Adult human RPE cells (ARPE-19) were obtained from the American Type Culture Collection (Manassas, VA). This cell line is not transformed and has structural and functional properties characteristic of RPE cells in vivo. The RPE cells were cultured in DMEM/F12 medium (1:1; Sigma-Aldrich, St. Louis, MO) containing 10% fetal bovine serum (Invitrogen, Inc., Grand Island, NY), 100 U/mL penicillin G potassium, and 0.1 mg/mL streptomycin sulfate (Sigma-Aldrich). The cells were cultured at 37°C in humidified 5% CO₂ conditions and were split when approximately 90% confluent. The cells propagated rapidly and were used for experiments at passages 3 to 5. 

The development of Ccl2 ^{− / −}/Cx3cr1 ^{− / −} (DKO) mice has been described previously. ^{30 31} These DKO mice were characterized by a broad spectrum of AMD-like disease with early onset and high penetrance. Fundoscopy revealed deep retinal focal drusenlike lesions, histology demonstrated RPE and photoreceptor degeneration, and biochemistry revealed increased A2E accumulation and altered mRNA and protein levels of endoplasmic reticulum proteins. ^{30 31} Wild-type (WT) mice were of C57BL/6 background. 

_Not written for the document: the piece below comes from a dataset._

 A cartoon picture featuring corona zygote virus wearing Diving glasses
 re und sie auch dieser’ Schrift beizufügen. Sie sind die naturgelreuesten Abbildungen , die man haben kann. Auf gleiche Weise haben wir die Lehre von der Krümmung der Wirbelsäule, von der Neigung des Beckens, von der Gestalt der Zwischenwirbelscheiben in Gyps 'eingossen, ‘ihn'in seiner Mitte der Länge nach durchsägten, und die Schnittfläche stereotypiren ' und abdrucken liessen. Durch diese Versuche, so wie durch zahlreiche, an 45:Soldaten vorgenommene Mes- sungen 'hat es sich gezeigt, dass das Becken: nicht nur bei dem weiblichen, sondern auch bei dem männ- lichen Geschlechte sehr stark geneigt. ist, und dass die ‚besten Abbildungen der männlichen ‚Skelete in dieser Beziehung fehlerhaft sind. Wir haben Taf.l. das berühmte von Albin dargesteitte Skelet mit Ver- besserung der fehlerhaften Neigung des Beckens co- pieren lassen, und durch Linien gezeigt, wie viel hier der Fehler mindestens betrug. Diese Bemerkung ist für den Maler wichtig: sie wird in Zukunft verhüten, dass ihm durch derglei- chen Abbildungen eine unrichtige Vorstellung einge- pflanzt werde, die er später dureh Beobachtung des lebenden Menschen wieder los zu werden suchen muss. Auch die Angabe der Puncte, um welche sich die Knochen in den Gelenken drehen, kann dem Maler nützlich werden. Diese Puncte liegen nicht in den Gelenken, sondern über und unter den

HtrA2/Omi ^{− / −} mice, which developed Parkinson disease, were generated by using standard embryonic stem cell culture and gene-targeting techniques as previously. ³²  

To induce oxidative stress in this study, we made fresh 1 mM hydrogen peroxide (H₂O₂)–conditioned medium by dissolving 30% H₂O₂ (Fisher Scientific, Fair Lawn, NJ) in growth medium just before use. The HtrA2/Omi inhibitor, 5-[5-(2-nitrophenyl) furfuryliodine]-1,3-diphenyl-2-thiobarbituric acid (UCF-101) (Calbiochem, Darmstadt, Germany), was dissolved in DMSO (Mediatech, Inc., Herndon, VA) as a stock solution (20 mM) and used at a final concentration of 1 and 2 μM in growth medium. The vehicle group was treated with the DMSO solution dissolved in growth medium at the same ultimate concentrations. Before stimulation with H₂O₂/UCF-101, the cells were serum starved for 24 hours. All analyses were performed 2 hours after 1 mM H₂O₂ exposure. 

Small interfering (si)RNAs were synthesized by Dharmacon Research, Inc. (Lafayette, CO). The siRNA_HtrA2/Omi consisted of a mixture of four siRNA duplexes targeting four different regions of the HtrA2/Omi mRNA (ON-TARGETplus siRNA SMARTpool human HtrA2/Omi, L-006014-00). A pool of four nontargeting siRNA duplexes was used as a negative control (siRNA_control). Transfection of cells with siRNA duplexes was then performed (DharmaFECT1; Dharmacon Research, Inc.). ARPE19 cells were transfected with 20 nM siRNA_control and siRNA_HtrA2/Omi for 48 hours. The cells were incubated in the siRNA-conditioned medium for the first 24 hours with additional 24-hour incubation in regular medium. The downregulation of HtrA2/Omi was confirmed by Western blot analysis. Subsequently, cells in both groups were stressed for four more hours with 1 mM H₂O₂. The siRNA study was repeated six times and averaged. 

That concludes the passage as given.